PathWest uses Microsoft Azure to improve transplant outcomes

PathWest uses Microsoft Azure to improve transplant outcomes
Software from BizData helps the laboratory identify compatible donors and recipients

Elly Yates-Roberts |


PathWest Laboratory Medicine WA in Western Australia is using Microsoft Azure high performance computing (HPC) to improve transplant outcomes. With software from BizData, the laboratory can quickly and securely analyse people’s immune systems to better identify compatible donors and recipients, and avoid organ rejection. 

A team of PathWest scientists developed a data pipeline to perform this analysis (called HLA genotyping) using the cloud-based platform. Microsoft says that using Azure HPC, the analysis “is now fully automated and the time to complete analysis is more than halved”. All data is encrypted and remains in Australia to maximise security and privacy. 

According to Dianne De Santis, senior scientist in the department of clinical immunology at PathWest, the newly automated pipeline has replaced many manual processes and dramatically accelerates the ability to HLA type more donors with a quicker turn-around time. 

PathWest also offers a round-the-clock service for deceased donor organ allocation. Once a match is found, transplants are performed at two Perth hospitals. De Santis says that the lab can now provide an HLA typing result of the donor organ at a resolution that has not been available before, in just four hours. 

“In some cases, the inability to identify the exact mismatches present between the donor and the recipient may increase the risk of rejection, which may outweigh the benefit of transplant,” she explained. 

Being able to analyse the deceased organ donor in this way provides an opportunity to consider patients for transplantation that may previously have missed out. 

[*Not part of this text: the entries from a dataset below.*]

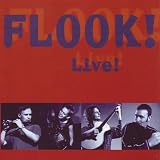 Flook Live!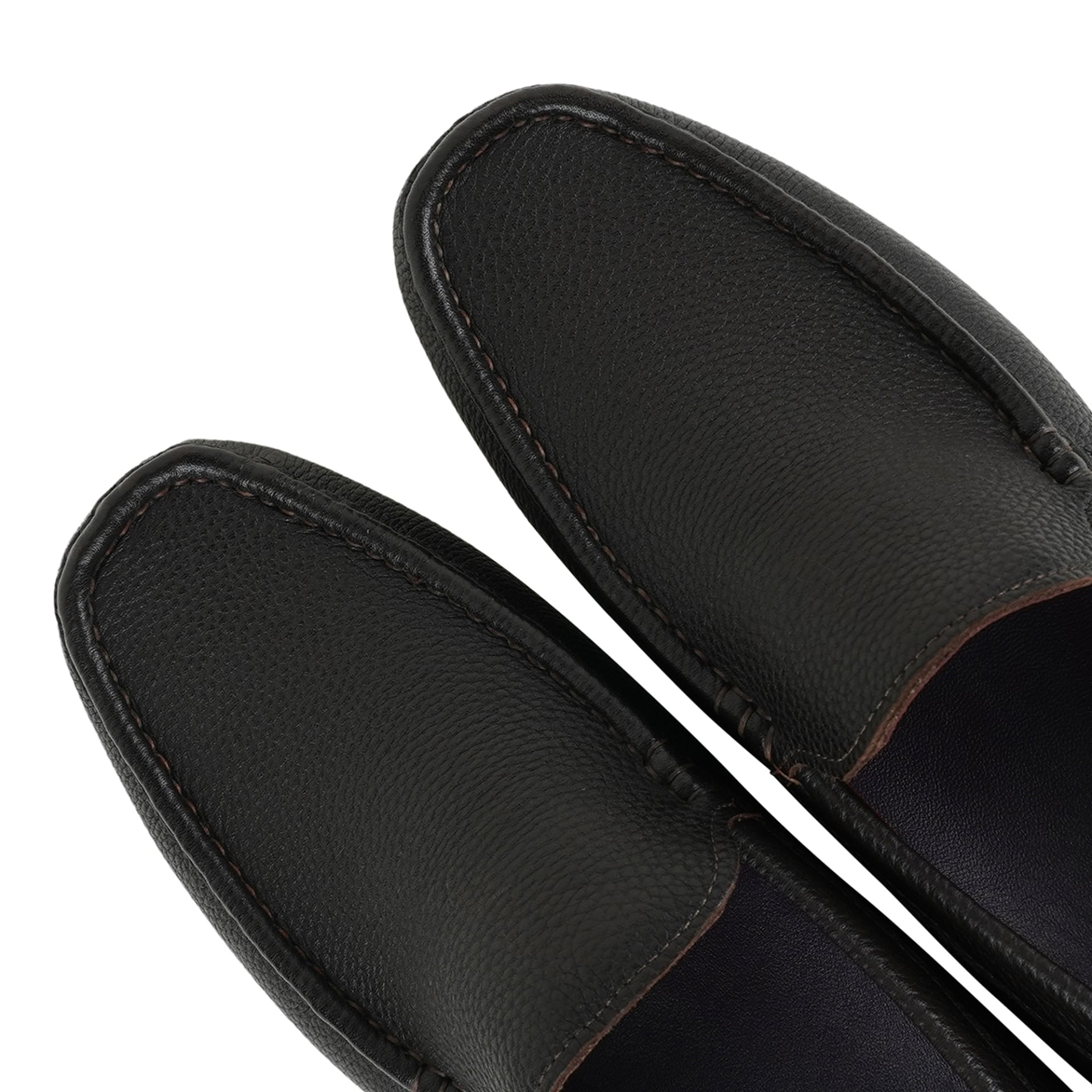 Picture of Venturini Men's Dress Shoe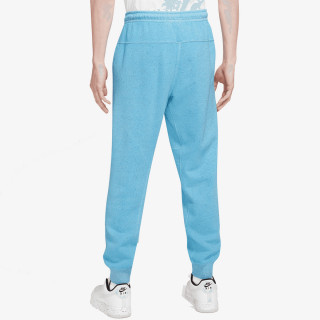 Nike M NK CLUB+ BB PANT REVIVAL 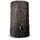 ARVES Regentonne Evergreen 475 l braun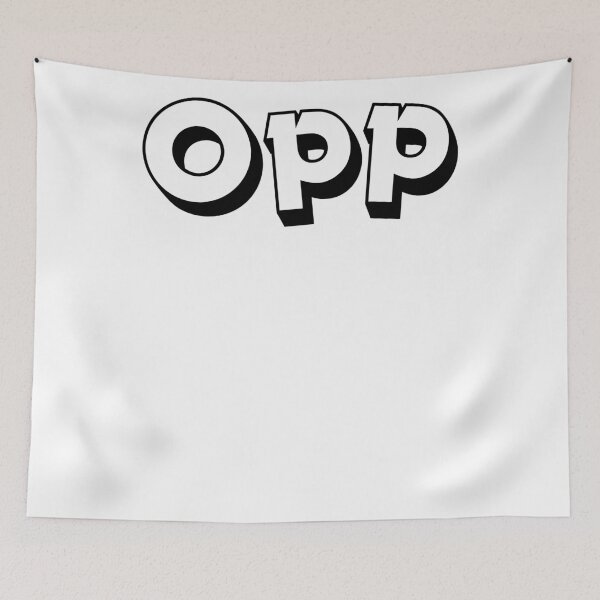 Item preview, "Artistic Opp, Alabama: 3D Text Design" designed and sold by BestArtByArvind.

“The ground-breaking work that Dr De Santis and the team at the PathWest Department of Clinical Immunology are performing holds enormous promise for organ transplantation worldwide,” said Nic Woods, Microsoft Australia chief medical officer. “Being able to dramatically reduce the ischemic time between the sample being collected and being fully analysed is hugely important to the viability of a transplant while the high-resolution analysis also increases the number of people who might now be considered for transplant.

“BizData’s platform, which is built entirely on Azure, automates the genetic analysis of almost 4,000 files or 250 gigabytes… which are then interpreted to provide a huge amount of information about the donors. This breakthrough has enormous implications not only for Western Australia but globally, and Microsoft is proud to be able to support this important work.”